The conditions on the pitch started to get muddy very quickly, which partially resulted in Madrid's comeback. Alex McLeish of Aberdeen passed the ball back to goalkeeper Jim Leighton, but it became stuck in the mud part way in the penalty area. Leighton rushed out from the goal line to claim the ball but took down Madrid striker Santillana in the process. A penalty was awarded by the referee. Real's captain Juanito scored the penalty to put Madrid level. Madrid dominated the remainder of the half, with John Metgod and Uli Stielike looking particularly comfortable in defence and midfield, respectively.

====Second half====
The teams were equally matched during the first part of the second half. Strachan led another Aberdeen attack in the 55th minute, passing it to Peter Weir who took the ball down the flank. His cross back to Strachan was met by a volley, but it deflected off Agustín's legs. Aberdeen immediately attacked once more, with Weir moving again down the flank, but his cross was met with a header by Black who sent the ball over after already moving into an offside position.

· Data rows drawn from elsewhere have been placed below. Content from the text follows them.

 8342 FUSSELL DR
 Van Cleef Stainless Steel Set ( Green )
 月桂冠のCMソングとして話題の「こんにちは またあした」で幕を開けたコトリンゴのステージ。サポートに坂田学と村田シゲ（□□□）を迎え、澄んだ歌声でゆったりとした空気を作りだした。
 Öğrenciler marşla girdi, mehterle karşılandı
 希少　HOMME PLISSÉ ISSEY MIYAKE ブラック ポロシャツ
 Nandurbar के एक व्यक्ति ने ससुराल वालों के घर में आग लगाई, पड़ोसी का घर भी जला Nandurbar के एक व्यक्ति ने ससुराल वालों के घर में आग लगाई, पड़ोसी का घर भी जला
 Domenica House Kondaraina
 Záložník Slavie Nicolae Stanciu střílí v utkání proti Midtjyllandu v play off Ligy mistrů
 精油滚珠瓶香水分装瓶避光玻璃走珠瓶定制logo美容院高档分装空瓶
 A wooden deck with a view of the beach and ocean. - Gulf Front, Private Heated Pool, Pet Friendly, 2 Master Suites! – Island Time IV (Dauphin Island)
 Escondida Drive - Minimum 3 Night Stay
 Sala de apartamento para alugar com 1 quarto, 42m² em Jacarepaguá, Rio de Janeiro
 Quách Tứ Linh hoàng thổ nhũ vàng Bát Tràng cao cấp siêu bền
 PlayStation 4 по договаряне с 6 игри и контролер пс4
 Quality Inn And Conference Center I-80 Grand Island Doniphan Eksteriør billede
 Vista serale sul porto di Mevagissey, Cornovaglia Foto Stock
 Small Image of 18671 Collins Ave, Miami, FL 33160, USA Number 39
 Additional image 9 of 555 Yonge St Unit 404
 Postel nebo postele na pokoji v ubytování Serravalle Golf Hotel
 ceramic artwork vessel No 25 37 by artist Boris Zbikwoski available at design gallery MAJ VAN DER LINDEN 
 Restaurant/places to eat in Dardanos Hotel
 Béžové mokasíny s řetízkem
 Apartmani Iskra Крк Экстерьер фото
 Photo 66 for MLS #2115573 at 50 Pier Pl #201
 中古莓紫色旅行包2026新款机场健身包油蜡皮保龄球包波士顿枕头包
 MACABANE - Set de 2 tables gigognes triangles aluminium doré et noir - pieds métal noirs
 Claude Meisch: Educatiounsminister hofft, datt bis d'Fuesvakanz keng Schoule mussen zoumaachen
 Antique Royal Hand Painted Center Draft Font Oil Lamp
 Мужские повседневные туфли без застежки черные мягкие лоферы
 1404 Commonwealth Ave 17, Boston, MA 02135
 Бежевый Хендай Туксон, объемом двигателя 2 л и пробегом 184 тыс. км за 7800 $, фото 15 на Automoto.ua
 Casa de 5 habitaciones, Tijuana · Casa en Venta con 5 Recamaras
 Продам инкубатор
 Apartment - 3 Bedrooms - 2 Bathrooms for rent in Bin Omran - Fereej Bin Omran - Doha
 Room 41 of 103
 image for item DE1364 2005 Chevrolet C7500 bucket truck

In the 80th minute, Weir created another opening with a further cross. This time it was caught by Agustín. The goalkeeper momentarily dropped the ball, but dived onto it before any Aberdeen players could take advantage of the mistake.

====Extra time====
Normal time finished at 1–1, sending the match into extra time. The winning goal came in the 112th minute. Weir passed the ball to Mark McGhee, who took the ball down the left wing. He crossed it into the box towards substitute John Hewitt. He threw himself into the path of the ball and connected with a glancing header to put Aberdeen ahead once more.

====Details====
11 May 1983
Aberdeen SCO 2-1 ESP Real Madrid
  Aberdeen SCO: Black 7', Hewitt 112'
  ESP Real Madrid: Juanito 14' (pen.)

| GK | 1 | SCO Jim Leighton |
| RB | 2 | SCO Doug Rougvie |
| CB | 5 | SCO Alex McLeish |
| CB | 6 | SCO Willie Miller (c) |
| LB | 3 | SCO John McMaster |
| RM | 4 | SCO Neale Cooper |
| CM | 7 | SCO Gordon Strachan |
| CM | 8 | SCO Neil Simpson |
| LM | 11 | SCO Peter Weir |
| CF | 10 | SCO Eric Black | | |
| CF | 9 | SCO Mark McGhee |
Substitutes:
| DF | 12 | SCO Stuart Kennedy |
| GK | 13 | SCO Bryan Gunn |
| MF | 14 | SCO Andy Watson |
| FW | 15 | SCO John Hewitt | | |
| MF | 16 | SCO Ian Angus |
Manager:
SCO Alex Ferguson
| GK | 1 | ESP Agustín |
| RB | 2 | ESP Juan José |
| CB | 4 | NED John Metgod |
| CB | 5 | ESP Paco Bonet |
| LB | 3 | ESP José Antonio Camacho | | |
| RM | 8 | ESP Ángel |
| CM | 6 | ESP Ricardo Gallego | |
| CM | 10 | FRG Uli Stielike |
| LM | 11 | ESP Isidro | | |
| CF | 7 | ESP Juanito |
| CF | 9 | ESP Santillana (c) |
Substitutes:
| DF | 12 | ESP José Antonio Salguero | | |
| GK | 13 | ESP Miguel Ángel |
| DF | 14 | ESP Isidoro San José | | |
| MF | 15 | ESP Francisco García Hernández |
| FW | 16 | ESP Ito |
Manager:
ARG ESP Alfredo Di Stéfano

| | Match rules *90 minutes. *30 minutes of extra time if necessary. *Penalty shoot-out if score still tied. *Five named substitutes. *Maximum of two substitutions. |

==Post-match==
The local police reported that only five arrests were made of fans for being drunk and disorderly. Nils Klintenberg, the police commander, said "There were no problems. We were pleased to have them here." One Aberdeen supporter collapsed following the first goal and died.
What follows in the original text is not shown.